# '2015 non-EVO Cannondale SuperSix?



## rbhatup (May 31, 2018)

Is there such a thing as a non-EVO 2015 supersix?

thanks.


----------



## TREKIN (Aug 17, 2012)

Yep. Think of a non evo having about the same stiffness and weight as a Trek 400 series carbon frame.


----------



## rbhatup (May 31, 2018)

I was told that the '15 Supersix is by default an EVO. The supersix line is all EVO, the biggest distinction being if its Hi-Mod or not.


----------



## tlg (May 11, 2011)

rbhatup said:


> I was told that the '15 Supersix is by default an EVO. The supersix line is all EVO, the biggest distinction being if its Hi-Mod or not.

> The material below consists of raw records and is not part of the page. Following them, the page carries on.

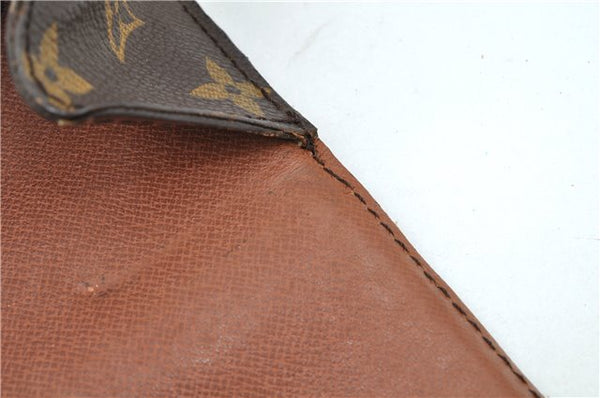 Authentic Louis Vuitton Monogram Saint Cloud GM M51242 Shoulder Cross Bag 1083G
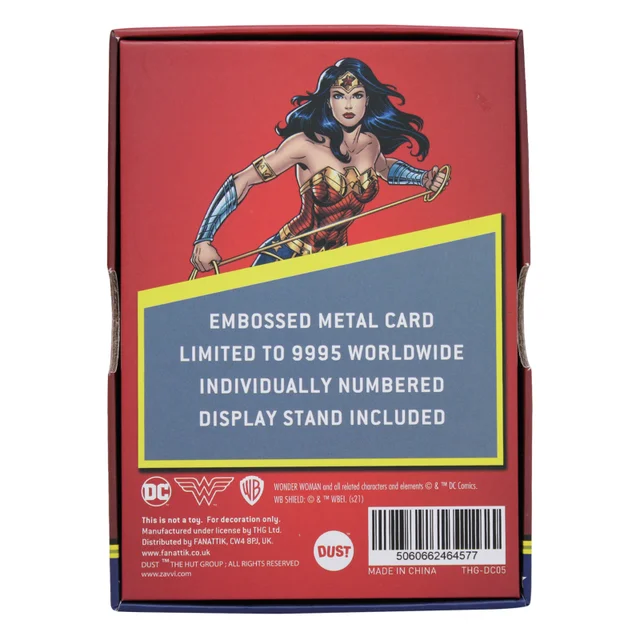 DUST DC Comics Limited Edition Wonder Woman Ingot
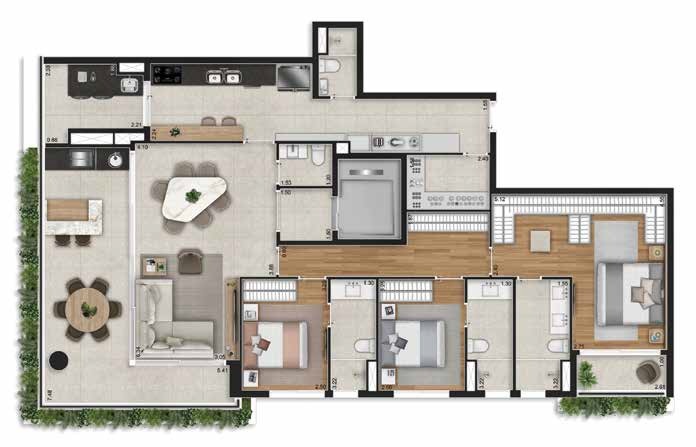 Apartamento à venda com 167m², 3 quartos com vaga - 23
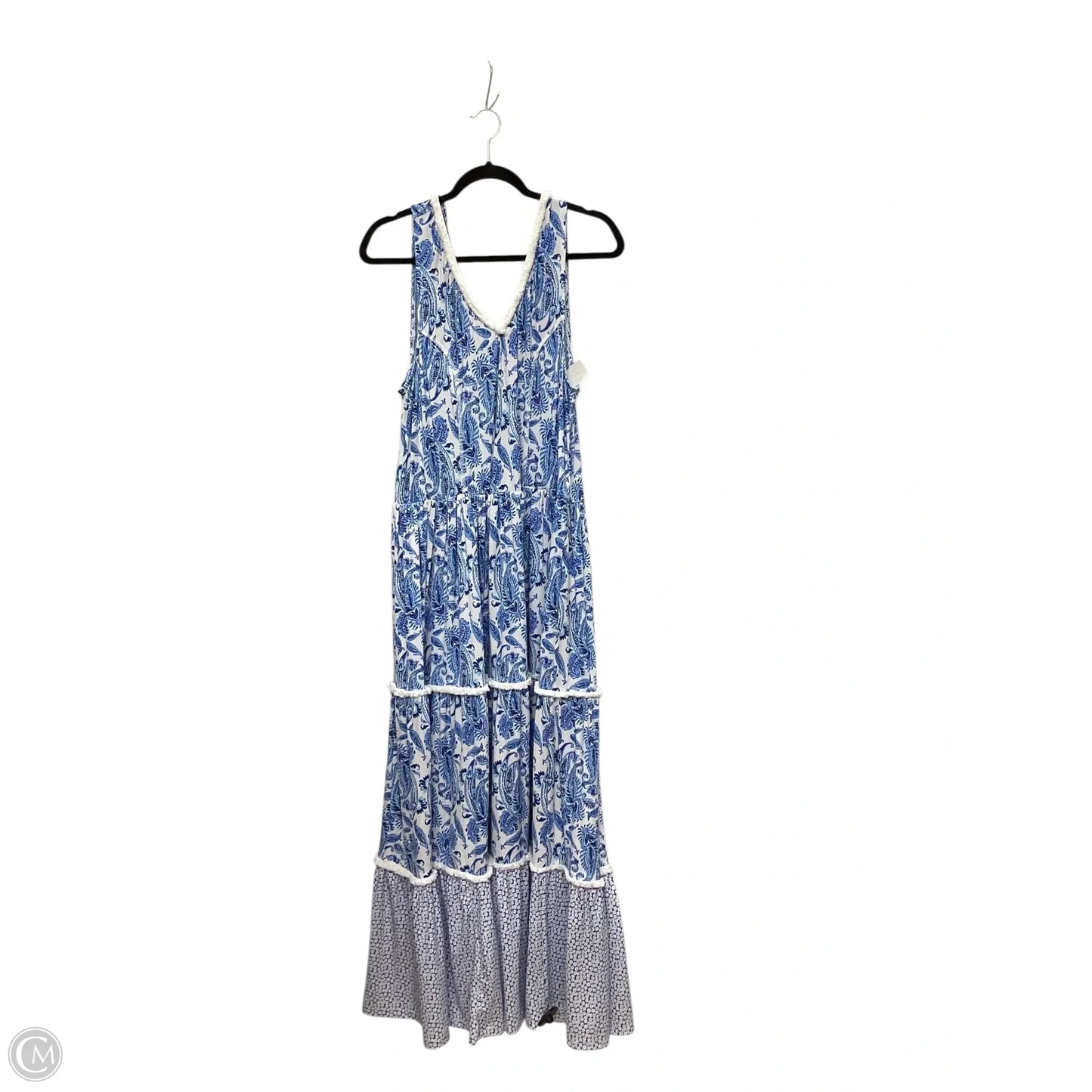 Dress Casual Maxi By Cmb In Blue, Size: Xl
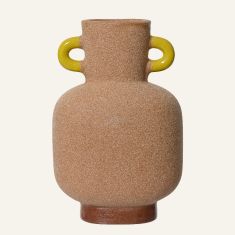 Beauty Home Πήλινο βάζο 15cm x 10cm x 23cm       |  Βάζα στο espiti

SuperSix and EVO are one in the same. The Hi-Mod is a SuperSix EVO with a higher end carbon weave.

The progression through history
Six13 > System Six > SuperSix >SuperSix Evo > SuperSix Evo Hi Mod


----------



## rbhatup (May 31, 2018)

tlg said:


> SuperSix and EVO are one in the same. The Hi-Mod is a SuperSix EVO with a higher end carbon weave.
> 
> The progression through history
> Six13 > System Six > SuperSix >SuperSix Evo > SuperSix Evo Hi Mod


Thanks for your reply.

That changed in 2015, right? From what I've read, '14 had a supersix and a supersix evo. For '15 there is no such thing as a supersix non-evo.


----------



## jetdog9 (Jul 12, 2007)

Cannondale 2015 catalog:

2015 CANNONDALE BIKE CATALOG by Cannondale_GLOBAL - Issuu


----------



## terbennett (Apr 1, 2006)

rbhatup said:


> I was told that the '15 Supersix is by default an EVO. The supersix line is all EVO, the biggest distinction being if its Hi-Mod or not.


This is correct.


----------